In the "repair" function is it so that "try to fetch the block using the known hash" is done before using the parities (related to another discussion related non-checksum-protected parity).
A valid hash can not guarantee the data correctness, but an invalid hash can guarantee invalid data. Shouldn't then the parity/ies be used first and then the result validated with the hash?
If I'm not missing something obvious (which is quite possible and why I ask) shouldn't this dedup-hash-based-recovery method be optional or possible to deactivate, especially since it is silent unless the log is used? The file-stamp should make it quite rare, so it is a great option though.
/X
PS! Do not read this as critics not to use this product. I wouldn't spend time to understand it if I didn't find it the best software for my needs. (Again thanks amadvance for all your work.)
Hi xad,
Yes. SnapRAID always makes the assumption that if the hash matches, the data is correct. This is someway an intrinsic limitation of SnapRAID, that extends also to parity computation, as the result of parity recovering is also validated with the hash.
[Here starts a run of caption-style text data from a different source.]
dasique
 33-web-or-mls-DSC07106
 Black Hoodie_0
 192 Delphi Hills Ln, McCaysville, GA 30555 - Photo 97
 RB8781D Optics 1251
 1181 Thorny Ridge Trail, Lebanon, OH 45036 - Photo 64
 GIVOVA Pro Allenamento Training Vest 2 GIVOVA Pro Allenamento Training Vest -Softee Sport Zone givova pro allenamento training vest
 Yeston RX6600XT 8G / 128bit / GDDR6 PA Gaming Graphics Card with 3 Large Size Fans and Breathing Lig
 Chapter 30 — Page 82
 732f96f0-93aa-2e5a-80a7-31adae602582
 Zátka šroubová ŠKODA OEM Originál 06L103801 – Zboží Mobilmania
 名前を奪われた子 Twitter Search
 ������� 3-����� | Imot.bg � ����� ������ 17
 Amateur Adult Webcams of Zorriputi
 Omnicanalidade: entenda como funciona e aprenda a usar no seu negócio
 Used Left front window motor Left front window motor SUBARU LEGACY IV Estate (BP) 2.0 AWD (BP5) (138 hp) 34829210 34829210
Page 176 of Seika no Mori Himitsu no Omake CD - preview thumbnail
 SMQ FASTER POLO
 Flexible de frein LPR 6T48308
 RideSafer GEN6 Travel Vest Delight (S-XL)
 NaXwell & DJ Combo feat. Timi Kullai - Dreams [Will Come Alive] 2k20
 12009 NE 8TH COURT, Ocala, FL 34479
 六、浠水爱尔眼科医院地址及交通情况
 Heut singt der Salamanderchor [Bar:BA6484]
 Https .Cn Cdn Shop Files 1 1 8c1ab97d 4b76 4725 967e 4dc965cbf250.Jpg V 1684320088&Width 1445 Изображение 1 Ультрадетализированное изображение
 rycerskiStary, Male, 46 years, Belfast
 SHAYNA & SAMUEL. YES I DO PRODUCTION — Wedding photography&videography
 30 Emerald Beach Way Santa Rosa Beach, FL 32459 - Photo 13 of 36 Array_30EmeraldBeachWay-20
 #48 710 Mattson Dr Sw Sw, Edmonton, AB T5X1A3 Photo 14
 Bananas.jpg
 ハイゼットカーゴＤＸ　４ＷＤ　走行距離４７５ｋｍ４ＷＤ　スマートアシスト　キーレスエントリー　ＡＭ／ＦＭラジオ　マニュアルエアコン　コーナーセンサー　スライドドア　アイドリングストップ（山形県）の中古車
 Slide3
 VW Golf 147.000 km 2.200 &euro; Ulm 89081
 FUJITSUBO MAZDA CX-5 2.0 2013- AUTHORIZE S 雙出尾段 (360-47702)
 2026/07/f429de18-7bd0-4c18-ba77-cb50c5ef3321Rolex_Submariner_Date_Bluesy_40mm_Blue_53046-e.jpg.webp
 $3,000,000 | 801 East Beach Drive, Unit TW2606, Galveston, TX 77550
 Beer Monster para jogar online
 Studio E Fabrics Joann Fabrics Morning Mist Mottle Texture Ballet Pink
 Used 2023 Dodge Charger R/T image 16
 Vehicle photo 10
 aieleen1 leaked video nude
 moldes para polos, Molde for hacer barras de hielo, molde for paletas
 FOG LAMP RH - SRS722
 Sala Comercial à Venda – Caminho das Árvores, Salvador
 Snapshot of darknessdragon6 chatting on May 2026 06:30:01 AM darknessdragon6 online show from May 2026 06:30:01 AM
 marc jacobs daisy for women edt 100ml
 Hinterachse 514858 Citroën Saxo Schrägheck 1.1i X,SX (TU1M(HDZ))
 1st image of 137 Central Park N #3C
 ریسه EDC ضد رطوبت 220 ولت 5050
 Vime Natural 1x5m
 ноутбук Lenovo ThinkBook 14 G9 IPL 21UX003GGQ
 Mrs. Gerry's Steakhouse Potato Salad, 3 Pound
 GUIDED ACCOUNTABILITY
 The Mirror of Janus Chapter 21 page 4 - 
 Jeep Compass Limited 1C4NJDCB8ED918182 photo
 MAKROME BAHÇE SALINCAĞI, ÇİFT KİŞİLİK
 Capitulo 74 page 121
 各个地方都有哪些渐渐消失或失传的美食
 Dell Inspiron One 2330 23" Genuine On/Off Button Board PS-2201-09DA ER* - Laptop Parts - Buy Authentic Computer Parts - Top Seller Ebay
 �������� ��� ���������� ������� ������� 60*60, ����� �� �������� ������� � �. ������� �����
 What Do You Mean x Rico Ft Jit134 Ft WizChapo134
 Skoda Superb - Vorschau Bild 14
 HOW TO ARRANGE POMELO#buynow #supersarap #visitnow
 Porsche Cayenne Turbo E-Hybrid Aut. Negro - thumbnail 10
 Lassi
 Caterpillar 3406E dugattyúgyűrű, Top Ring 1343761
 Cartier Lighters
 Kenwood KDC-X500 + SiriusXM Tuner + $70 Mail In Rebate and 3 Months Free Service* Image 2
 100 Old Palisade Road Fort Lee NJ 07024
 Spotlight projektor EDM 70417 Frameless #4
Essentially, even changing to what you propose, SnapRAID will still rely on hashes to validate data. So, you'll have the guarantee that the hash matches, but not necessarily also the data.
Anyway, with 128 bit hash, I would not really worry about it ;)
Ciao,
Andrea
Hi,
I agree that the 128 bit hash is safe to protect from bit-flips and other noice causing corruptions, ie "to prevent unintentional changes to information". But in this case it is used to uniquely identify a block. At home protecting multimedia files and such it is of only academic value but I get a feeling your software is also used in some business cases.
By determine bad parity blocks by a hash and then apply your repair logic using parity first should increase the integrity even higher, and even be resiliant against tailor-made murmur3 collission files (very rarely needed but a proof of the overall high quality).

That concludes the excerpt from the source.